Computer Science at Platinum Level requires the candidate to completely understand and describe the basic building blocks of computing such as the use of abstractions to formulate real world models; algorithms for planning program structures; programming languages, both textual and visual; and binary and boolean patterns and statements. As a result of reviewing their work, they will be able to identify and use automated methods or alternative ways of working to improve programming and using computers. Unfamiliar aspects will require support and advice from other people.

A work activity will typically be ‘straightforward or routine’ because:

The task or context will be familiar and involve few variable aspects. The techniques used will be familiar or commonly undertaken.

Example of context – designing, planing, implementing and testing a program for controlling a physical system or solving a complex problem.

Support for the assessment of this award

Example of typical Computing work at this level (Coming Soon)

Assessor's guide to interpreting the criteria

General Information

QCF general description for Level 3 qualifications

  • Achievement at Level 3 (EQF Level 4) reflects the ability to identify and use relevant understanding, methods and skills to complete tasks and address problems that, while well defined, have a measure of complexity. It includes taking responsibility for initiating and completing tasks and procedures as well as exercising autonomy and judgment within limited parameters. It also reflects awareness of different perspectives or approaches within an area of study or work.
  • Use factual, procedural and theoretical understanding to complete tasks and address problems that, while well defined, may be complex and non-routine.
  • Identify, select and use appropriate skills, methods and procedures.
  • Use appropriate investigation to inform actions.
  • Review how effective methods and actions have been.
  • Take responsibility for initiating and completing tasks and procedures, including, where relevant, responsibility for supervising or guiding others.
  • Exercise autonomy and judgement within limited parameters information and ideas.

Requirements

  • Standards must be confirmed by a trained Level 3 Assessor or higher.
  • Assessors must at a minimum record assessment judgements as entries in the online mark book on the INGOTs.org certification site.
  • Routine evidence of work used for judging assessment outcomes in the candidates' records of their day to day work will be available from their ePortfolios and online work.
  • Assessors should ensure that relevant web pages are available to their Account Manager on request by supply of the URL.
  • When the candidate provides evidence of matching all the criteria to the specification, subject to the guidance below, the assessor can request the award using the link on the certification site.

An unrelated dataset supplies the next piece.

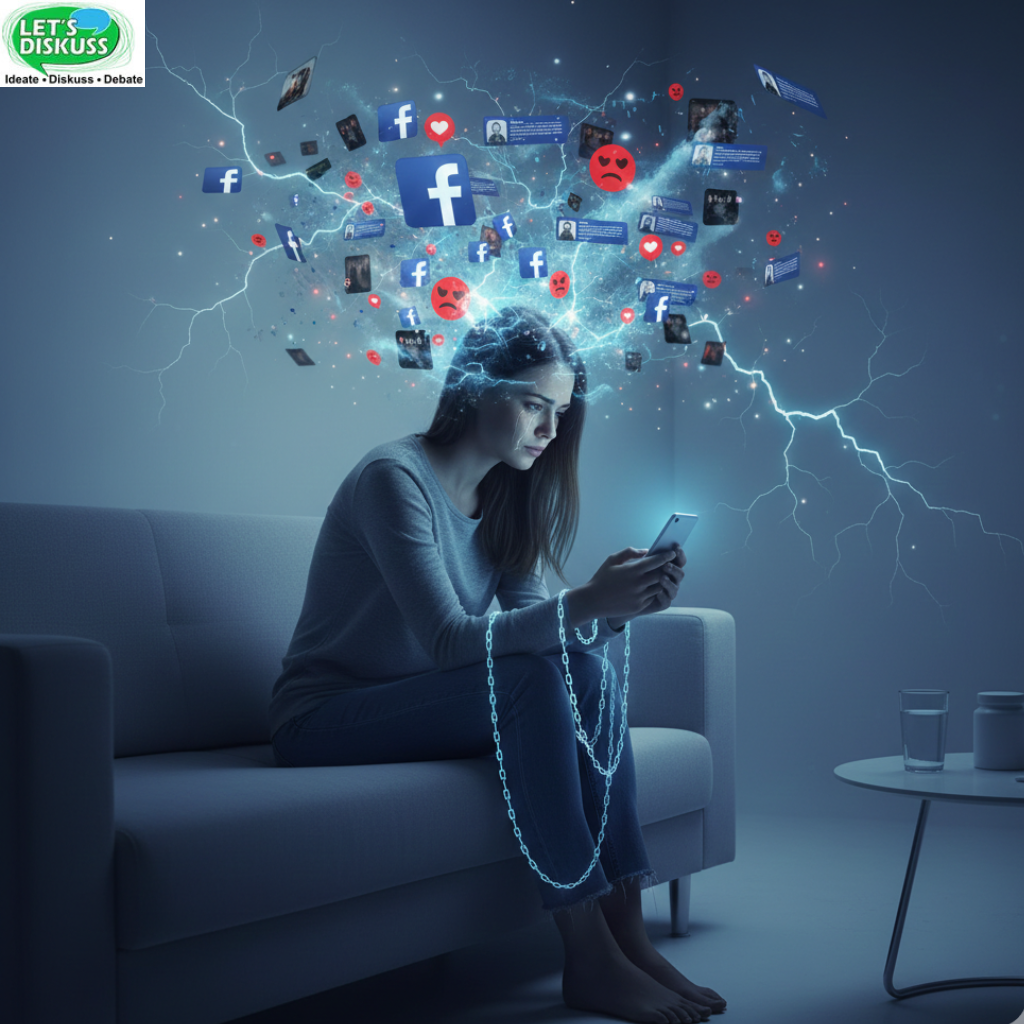 Facebook affect brain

The Account Manager will request a random sample of evidence from candidates' work that verifies the assessor's judgement.
  • When the Account Manager is satisfied that the evidence is sufficient to safely make an award, the candidate's success will be confirmed and the unit certificate will be printable from the web site.
  • Each unit at Level 3 has recommended guided learning hours based on time required to complete by an average learner.

Assessment Method
Assessors can score each of the criteria N, L, S or H. N indicates no evidence and it is the default setting. L indicates some capability but some help still required to meet the standard. S indicates that the candidate can match the criterion to its required specification in keeping with the overall level descriptor. H indicates performance that goes beyond the expected in at least some aspects. Candidates are required to achieve at least S on all the criteria to achieve the full unit award.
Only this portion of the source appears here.